Caption-style text data
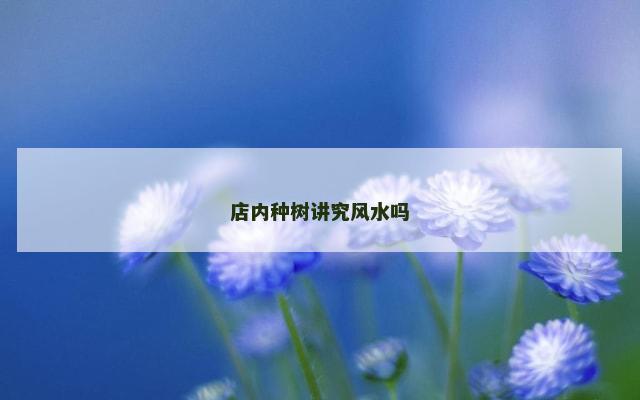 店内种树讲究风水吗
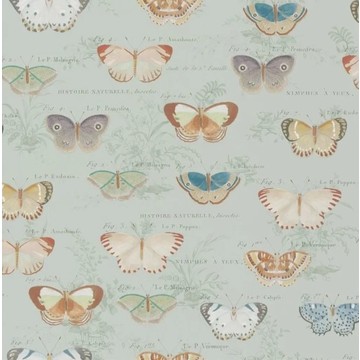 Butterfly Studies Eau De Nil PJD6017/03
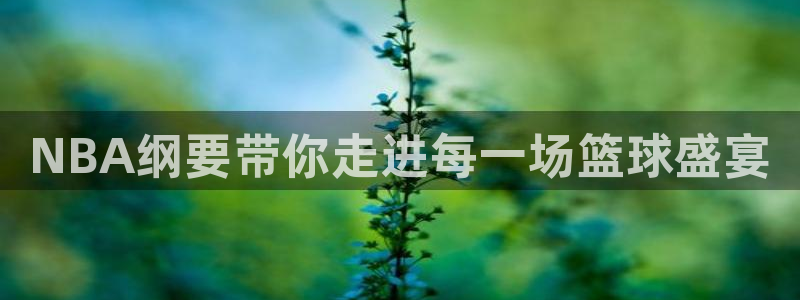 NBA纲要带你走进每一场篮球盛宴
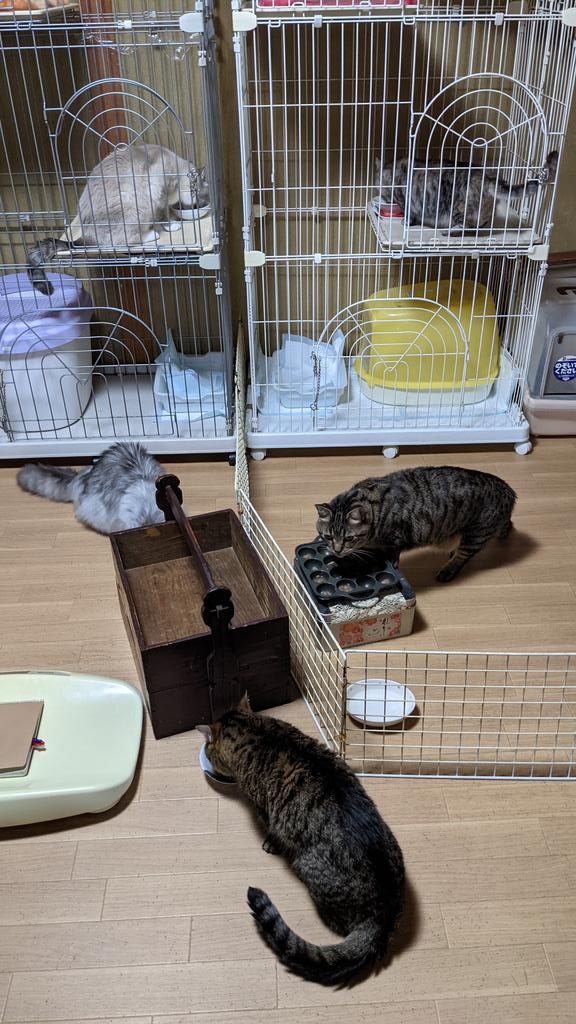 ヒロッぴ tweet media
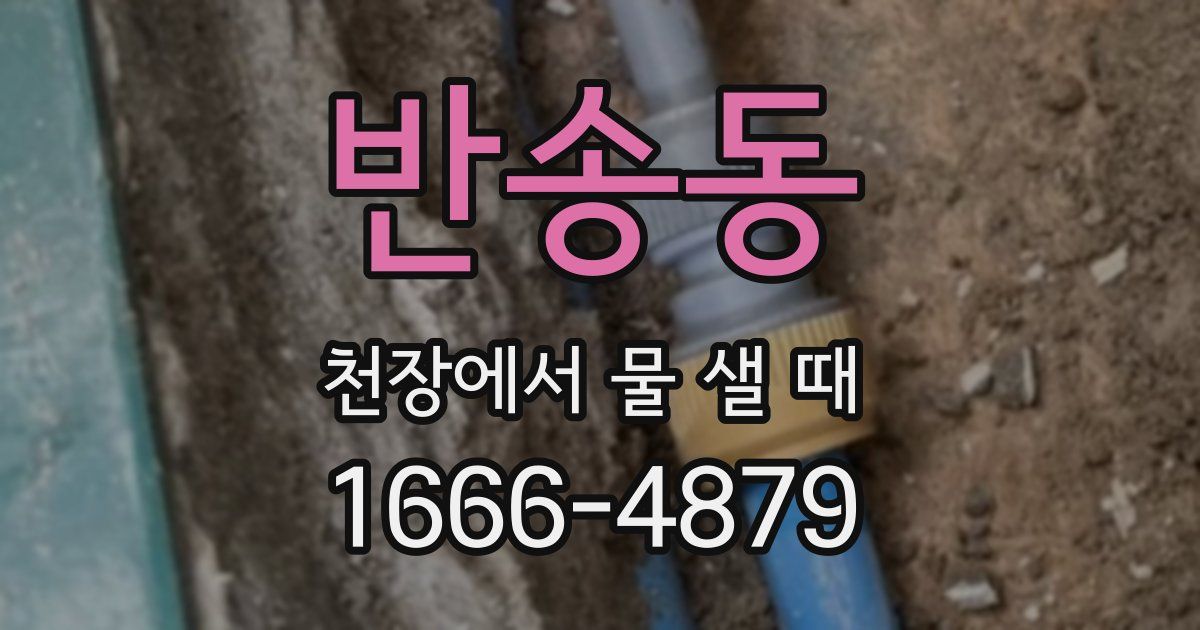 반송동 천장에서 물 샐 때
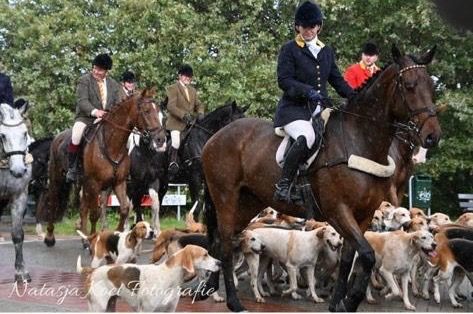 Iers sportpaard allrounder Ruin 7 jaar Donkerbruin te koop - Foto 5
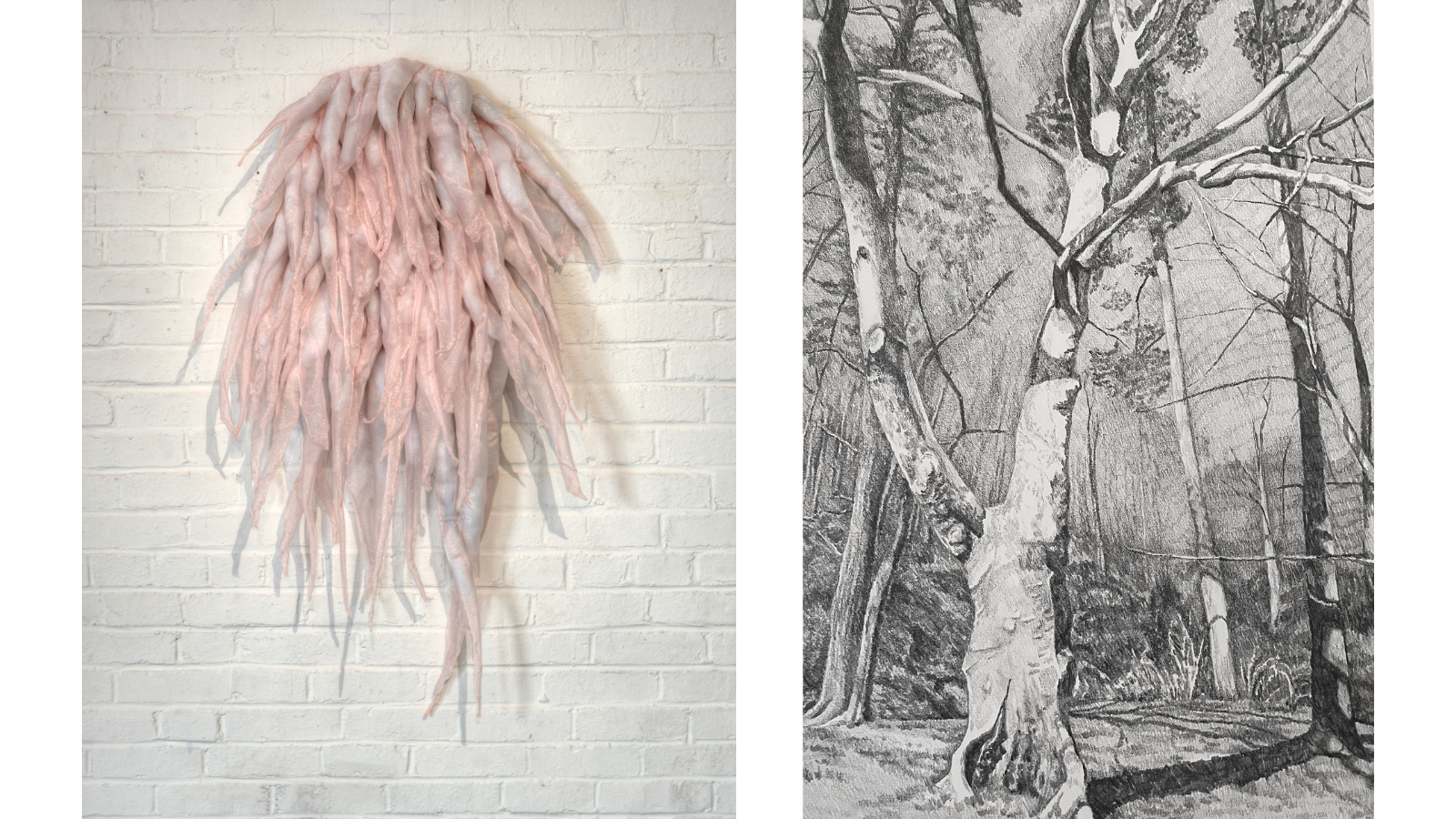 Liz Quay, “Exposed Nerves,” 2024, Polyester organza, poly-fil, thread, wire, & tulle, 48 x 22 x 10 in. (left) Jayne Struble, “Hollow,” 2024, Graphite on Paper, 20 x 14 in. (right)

Assignment
Take the line with "Iers sportpaard allrounder" and every line after it through the end of the data, and write only them out exactly, leaving out the pictures.

Solution to this task
 Iers sportpaard allrounder Ruin 7 jaar Donkerbruin te koop - Foto 5
 Liz Quay, “Exposed Nerves,” 2024, Polyester organza, poly-fil, thread, wire, & tulle, 48 x 22 x 10 in. (left) Jayne Struble, “Hollow,” 2024, Graphite on Paper, 20 x 14 in. (right)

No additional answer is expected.